Is this unrealistic? If so, it’s a stance echoed by people deeply versed with reality in D.C. No, not Congress! The people at the US-China Competition in Global Supply Chains Hearing telling them what they should be doing. Key quotes from the expert testimony heard included:

“China is responsible for over 1/3 of US imports of critical technology goods. However, US import dependence on China for these goods is even more pronounced when looking at specific critical tech industries and  interpreting trade statistics more carefully. The goal of US critical tech supply chain policies should be to ensure that for each segment of those supply chains there are at least three manufacturers domestically or in friendly countries that are able to meet 50% of current and forecast domestic demand.”

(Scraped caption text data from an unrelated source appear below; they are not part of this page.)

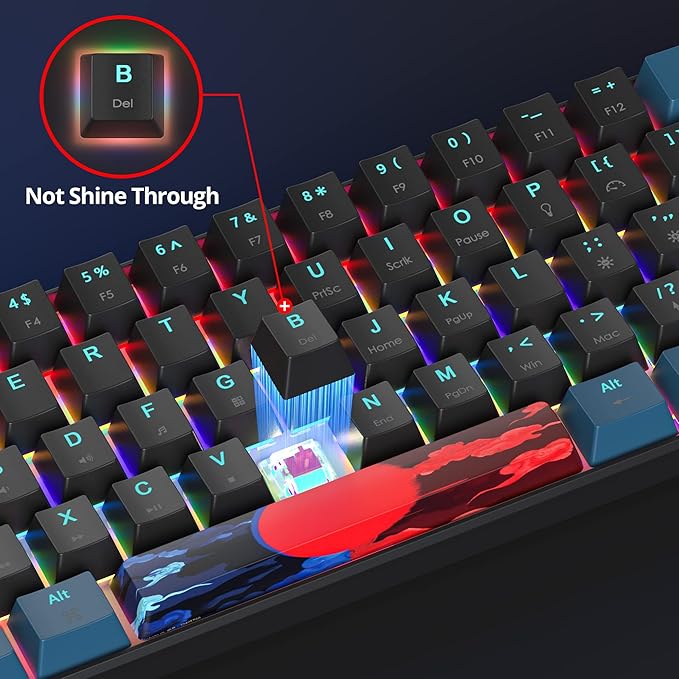 Protable 60% Percent Gaming Keyboard Mechanical Mini Compact Backlit 61 Keys Wired Office Keyboard with Red Switch for Mac/Win (Monstor Black/red Switch 61)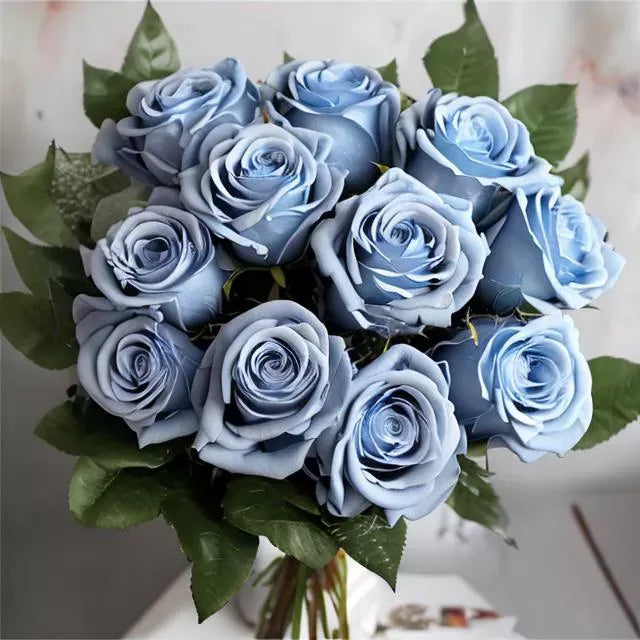 Glossy Large 12 Blue Moon Roses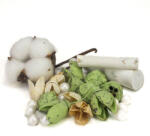  Terméscsomag kincsgyűjtő - menta 0776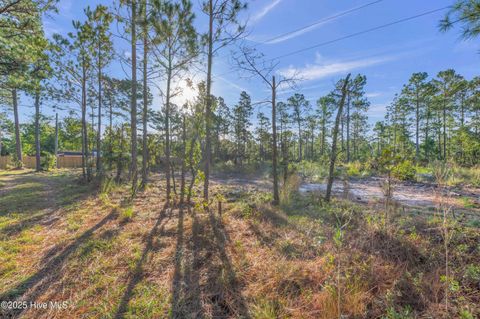 Tiny photo for 432440 Brians Woods Rd L22b And 22c, Maple Hill, NC 28454 (MLS # 100537265)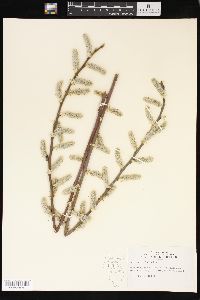 Salix petiolaris image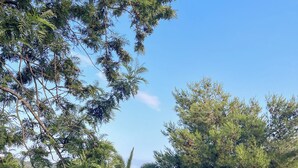 Een weelderig groen park met bomen en gras.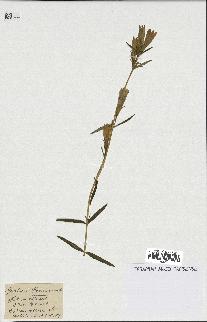 spécimen de Gentiana pneumonanthe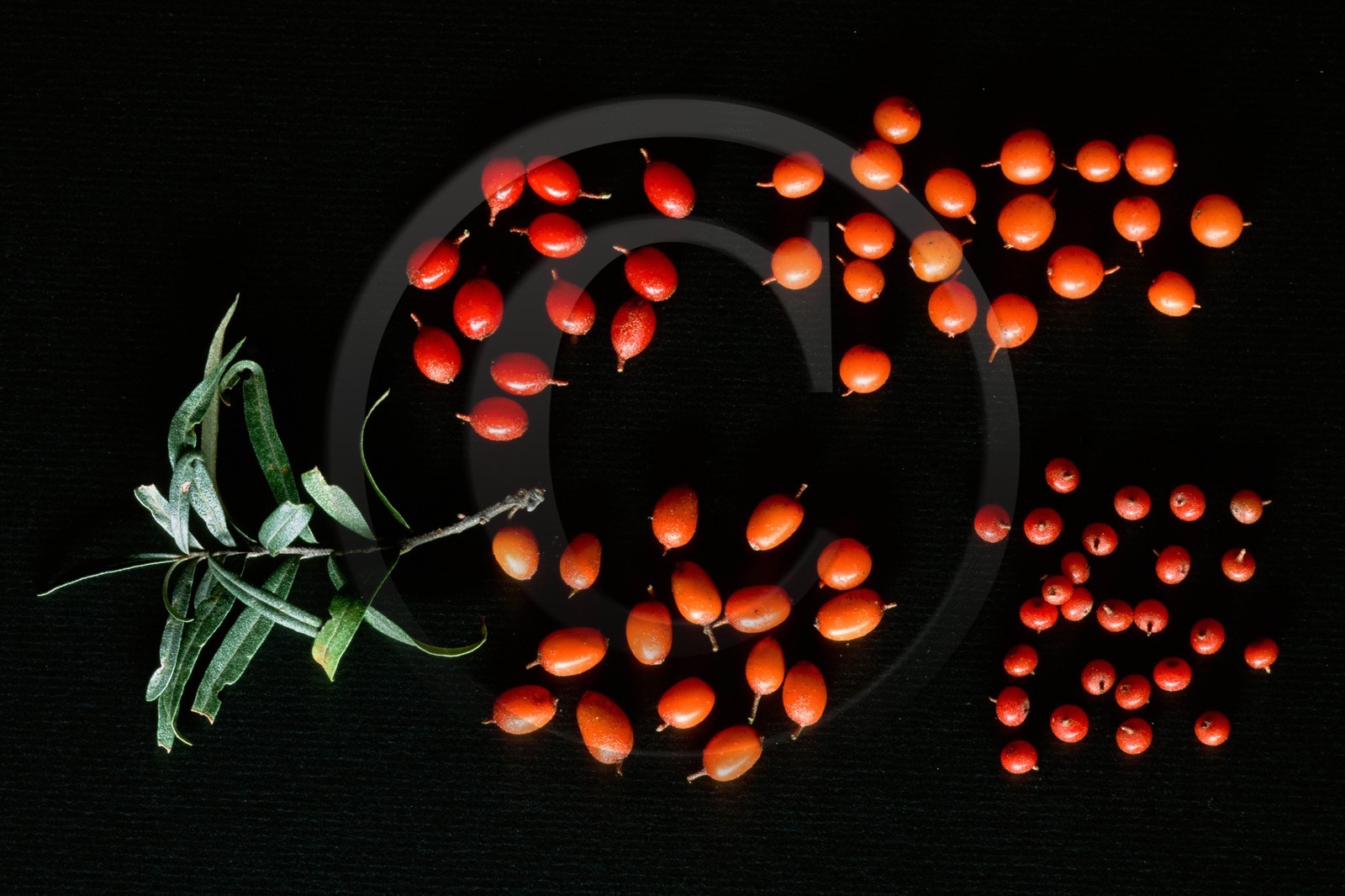 Argousier, différentes variétés de fruits d'argousier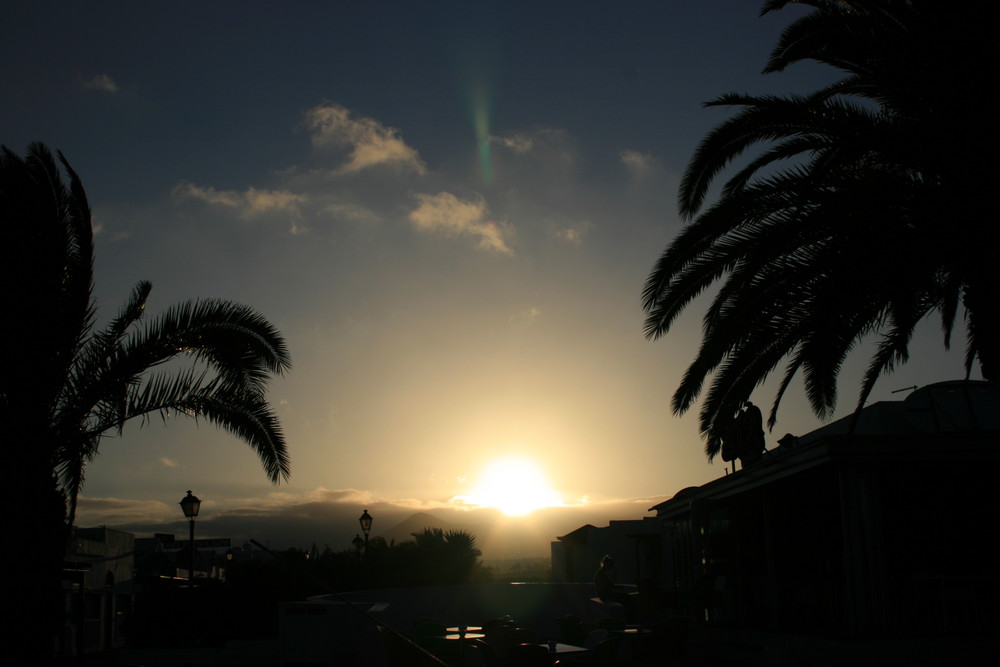 Sonnenuntergang unter Palmen von Andreas Heiduck 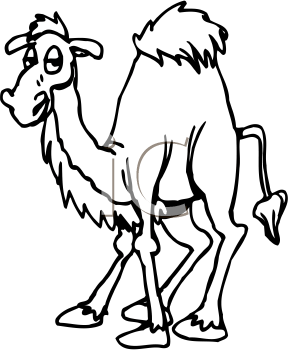 Camel Clipart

“It would be naïve to think that countries such as South Korea and Taiwan became semiconductor hubs solely because of government incentives, and that if those incentives were matched by other (Western) regions, the supply chain would “re-shore.” If end-customer industries, such as automotive, mobile, and ICT, are not incentivizing geographic diversification through strategic procurement decisions (being willing to pay more), not much will change.”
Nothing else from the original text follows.